> [What is needed]
Quote from the first line below through the line that contains "To convert nanograms", both included, and leave the pictures out.
=-=-=-=-=
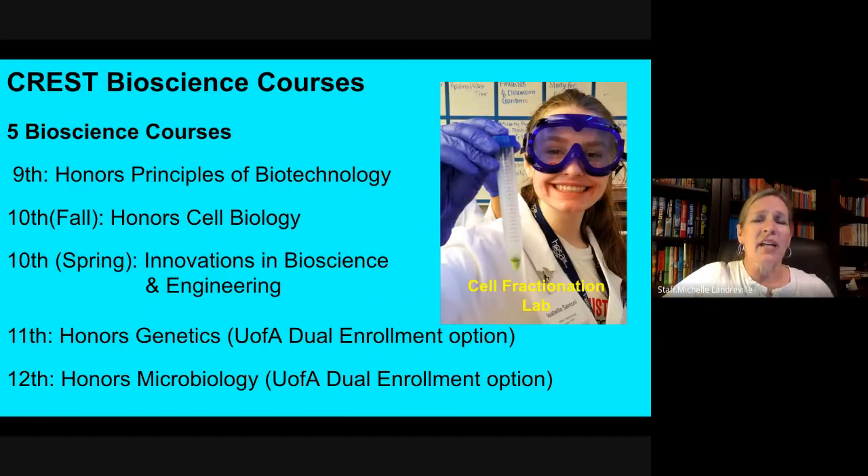In the CREST Bioscience strand, there are five different courses associated with the Biosciences. Freshmen would take Honors Principles of Biotechnology in the spring of their freshman year, after they've had an opportunity to take Honors Biology in the fall. Sophomores have two courses: Honors Cell Biology in the fall, and then Innovations in Bioscience and Engineering in the spring semester.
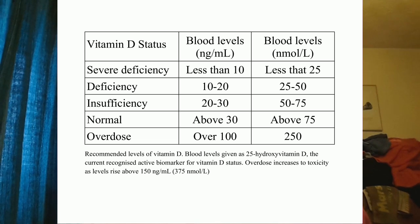To convert nanograms per milliliter into nanomoles per liter, all you need to do is take the number and multiply it by 2.5. So 10 nanograms per milliliter multiplied by 2.5 equals 25 nanomoles per liter. These measures are actually of 25-hydroxyvitamin D, which is the active metabolite of vitamin D in humans in the plasma and the accepted biomarker for vitamin D status. So when you have your blood test performed, you would have your 25-hydroxyvitamin D levels measured.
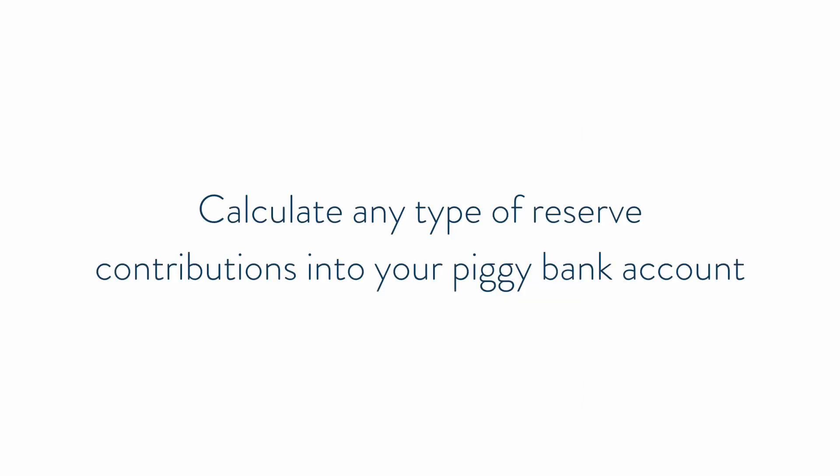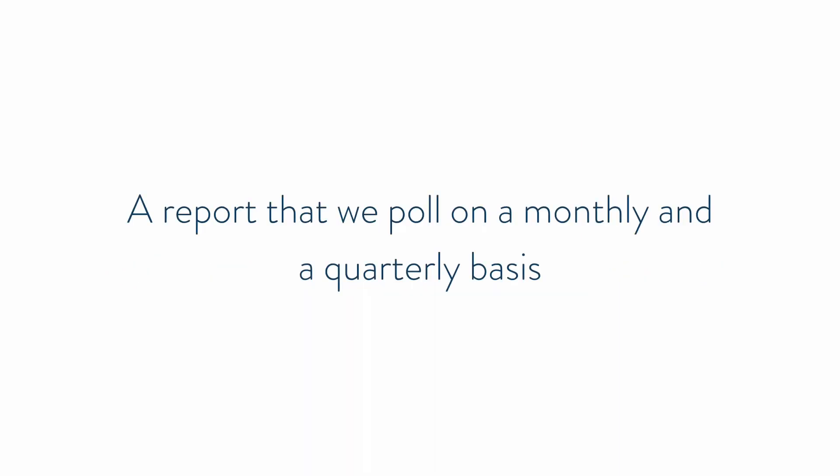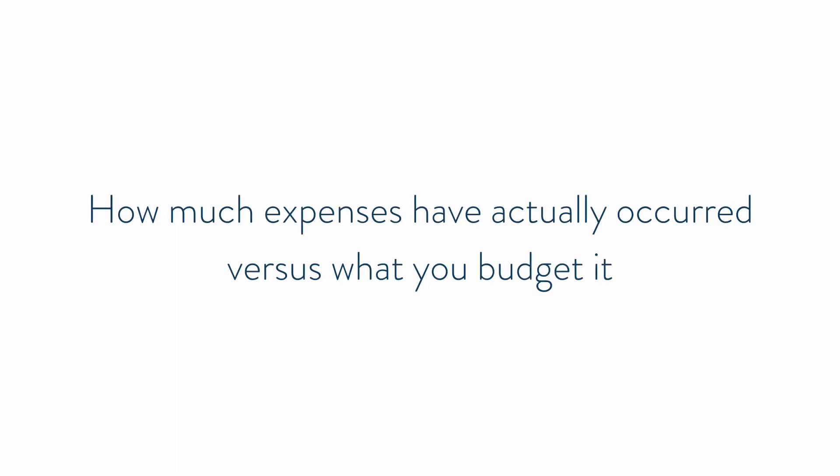We want that budget to not be negative, but have a surplus, and we want to calculate in any type of reserve contributions into your piggy bank account. Budget versus actuals is a report that we pull on a monthly as well as a quarterly basis, and what it does is it shows you exactly how much expenses have actually occurred versus what you budgeted.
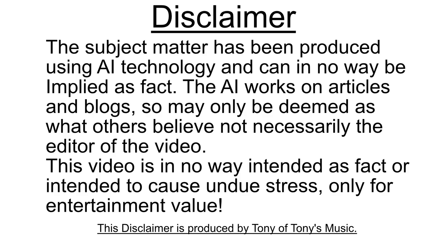Disclaimer. The subject matter has been produced using AI technology and can in no way be employed as fact. The AI works on articles and blogs so it may only be deemed as what others believe, not necessarily the editor of this video. This video is in no way intended as fact or intended to cause undue stress, only for entertainment value.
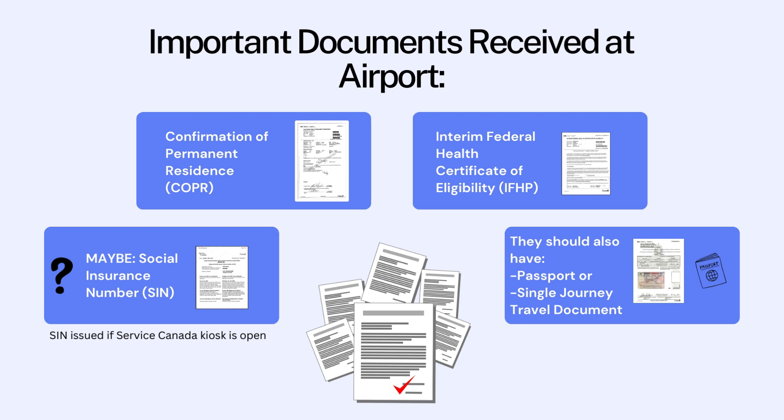There are some important documents that the newcomers will have received before they come out to meet their sponsors. The first is the Confirmation of Permanent Residence — a very important document; you can learn more by watching the video on permanent residence. The second is the Interim Federal Health or IFHP Certificate of Eligibility, which shows the special health care coverage they will have for their first year in Canada; you can learn more by watching the video on IFHP. Sometimes newcomers receive their Social Insurance Numbers at the airport, depending on whether the Service Canada kiosk is open, so check whether they received it to know if you still need to apply.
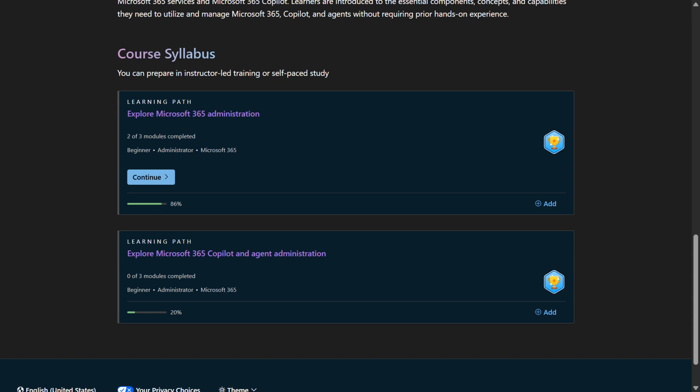To study and cram before the certification, I used the Microsoft Learn content. As a Microsoft Certified Trainer, I also looked at the Microsoft Official Course, but since it's now based on Microsoft Learn, the free Microsoft Learn content actually has more than what I have access to as an MCT — so you're not missing much.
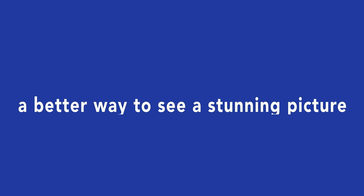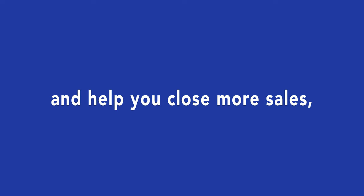If we can show you and your clients a better way to see a stunning picture of a spectacular event on their property before it happens and help you close more sales, would that be of interest to you? We think it would be.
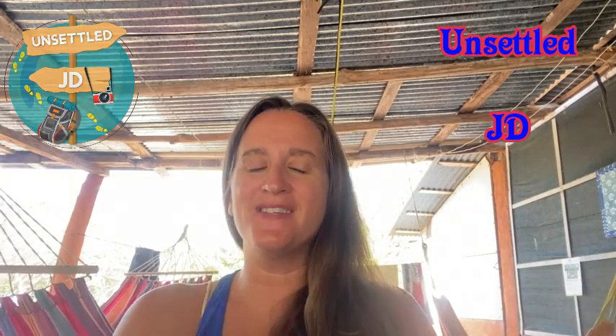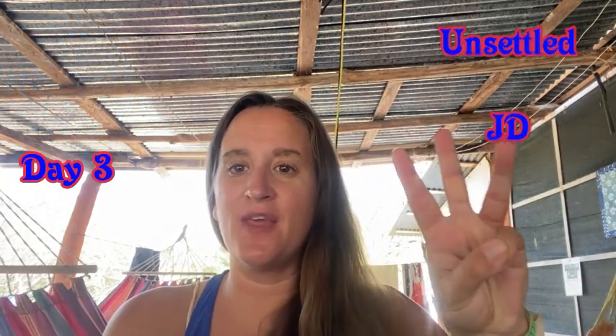Hello and welcome to Unsettled JD. Today is day three here at the Leatherback Trust Organization in Costa Rica.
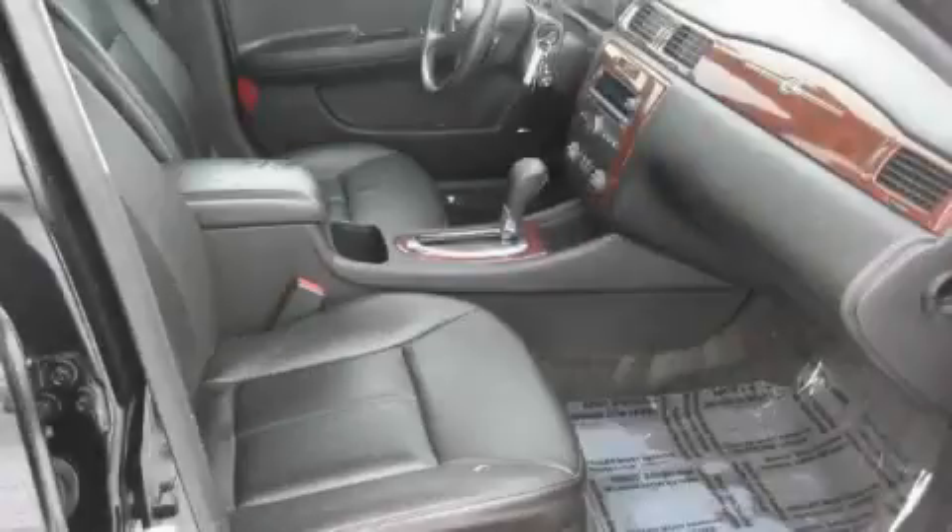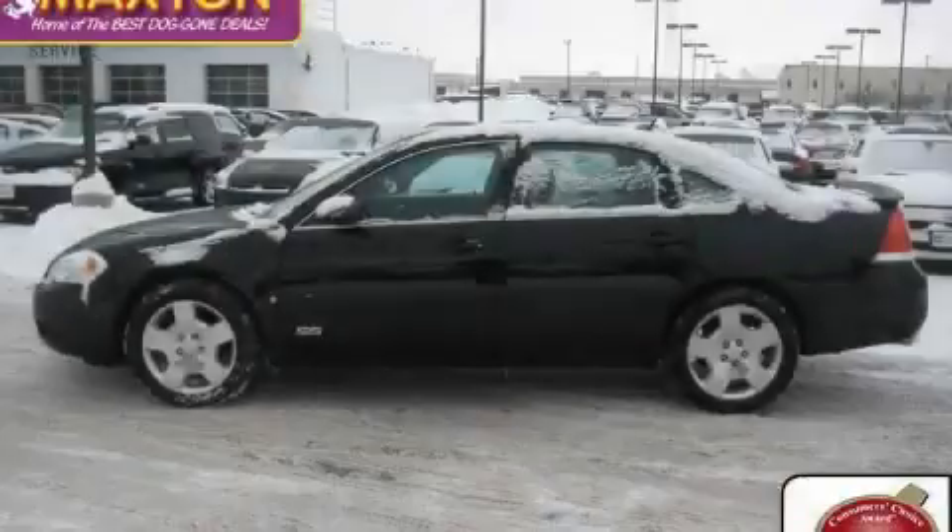This vehicle has just over 30,000 miles. It features an 8-cylinder engine and an automatic transmission. This car won't last long at this price. Call and arrange a test drive now.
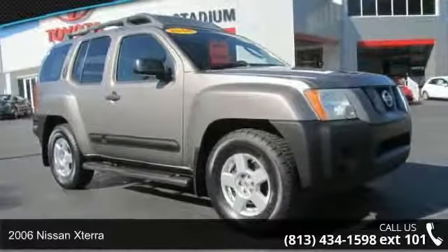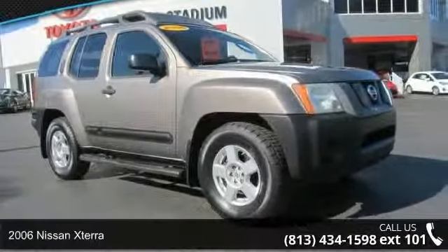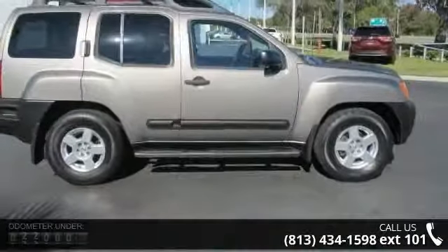Check out this 2006 Nissan X-Terra. If you are looking for an automobile with great features, look no further.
=-=-=-=-=
> [Answer space]
In the CREST Bioscience strand, there are five different courses associated with the Biosciences. Freshmen would take Honors Principles of Biotechnology in the spring of their freshman year, after they've had an opportunity to take Honors Biology in the fall. Sophomores have two courses: Honors Cell Biology in the fall, and then Innovations in Bioscience and Engineering in the spring semester.
To convert nanograms per milliliter into nanomoles per liter, all you need to do is take the number and multiply it by 2.5. So 10 nanograms per milliliter multiplied by 2.5 equals 25 nanomoles per liter. These measures are actually of 25-hydroxyvitamin D, which is the active metabolite of vitamin D in humans in the plasma and the accepted biomarker for vitamin D status. So when you have your blood test performed, you would have your 25-hydroxyvitamin D levels measured.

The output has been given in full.